[HOW TO COMPLETE THIS TASK]
Exclude the pictures and repeat all of the data exactly.

[DATA]
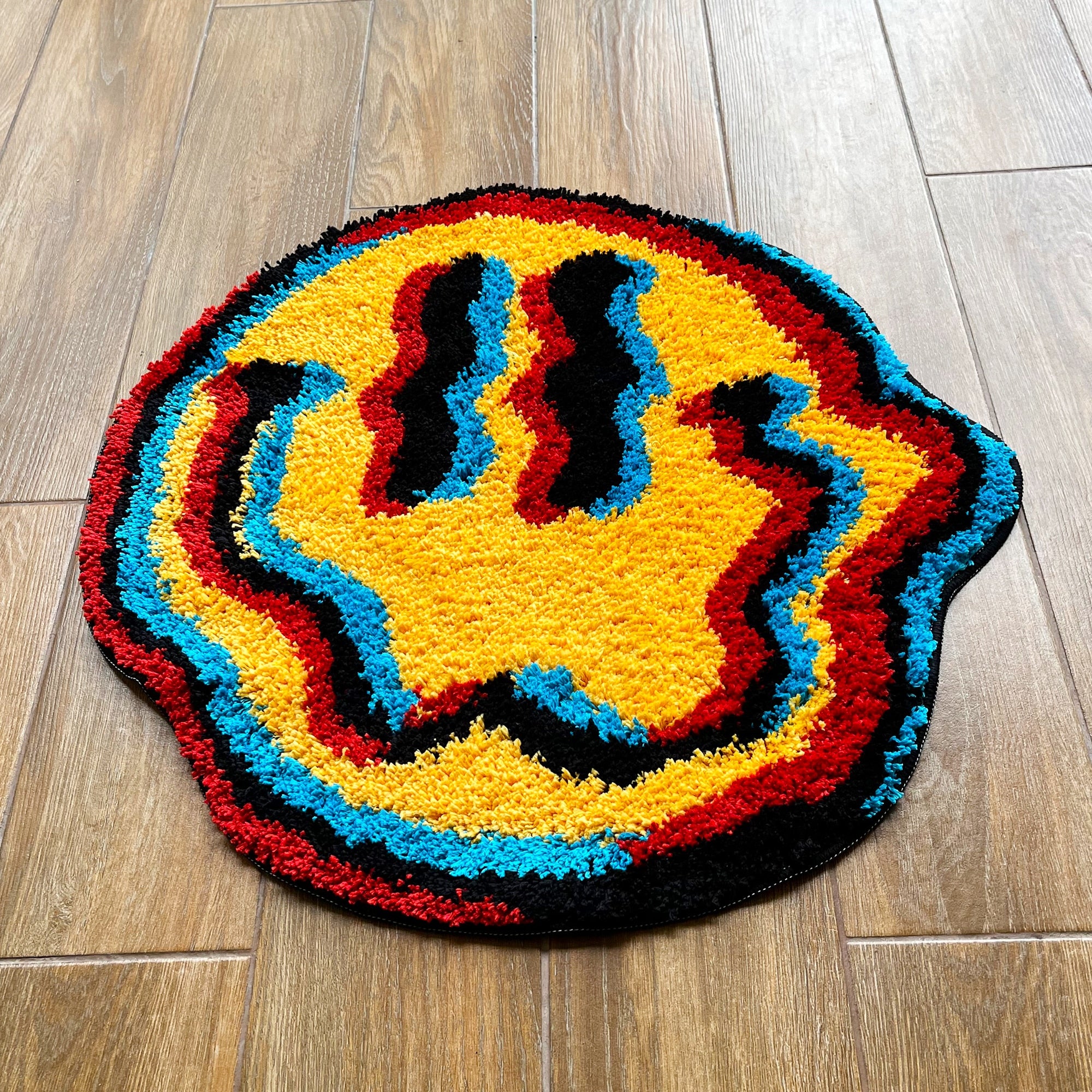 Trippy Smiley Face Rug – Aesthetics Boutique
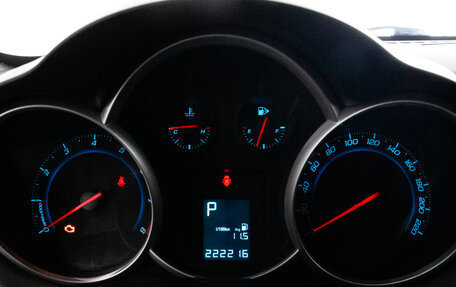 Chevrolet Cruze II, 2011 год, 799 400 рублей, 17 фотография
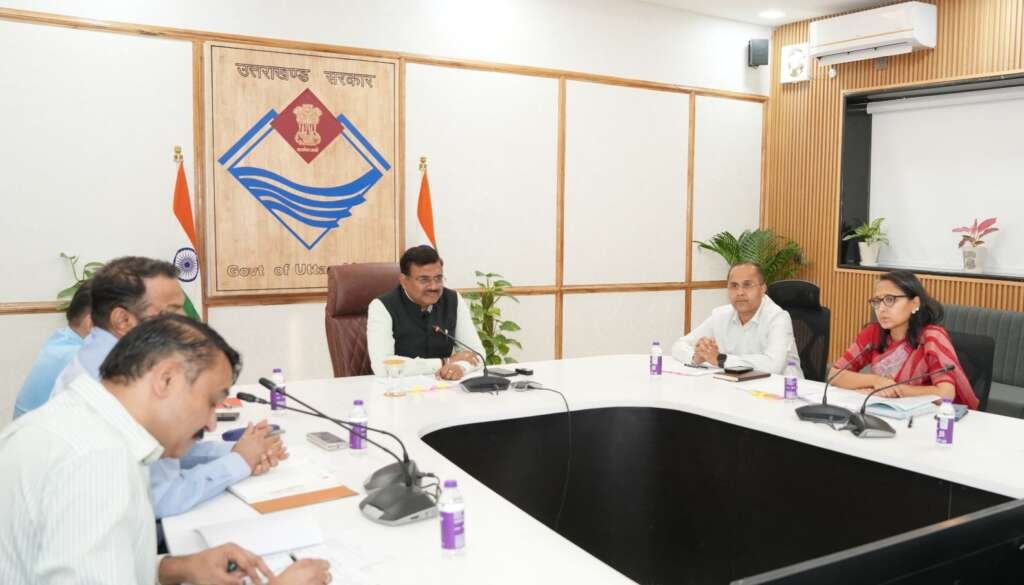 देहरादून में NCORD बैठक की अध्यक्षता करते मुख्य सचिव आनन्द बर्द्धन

[FINAL ANSWER]
 Trippy Smiley Face Rug – Aesthetics Boutique
 Chevrolet Cruze II, 2011 год, 799 400 рублей, 17 фотография
 देहरादून में NCORD बैठक की अध्यक्षता करते मुख्य सचिव आनन्द बर्द्धन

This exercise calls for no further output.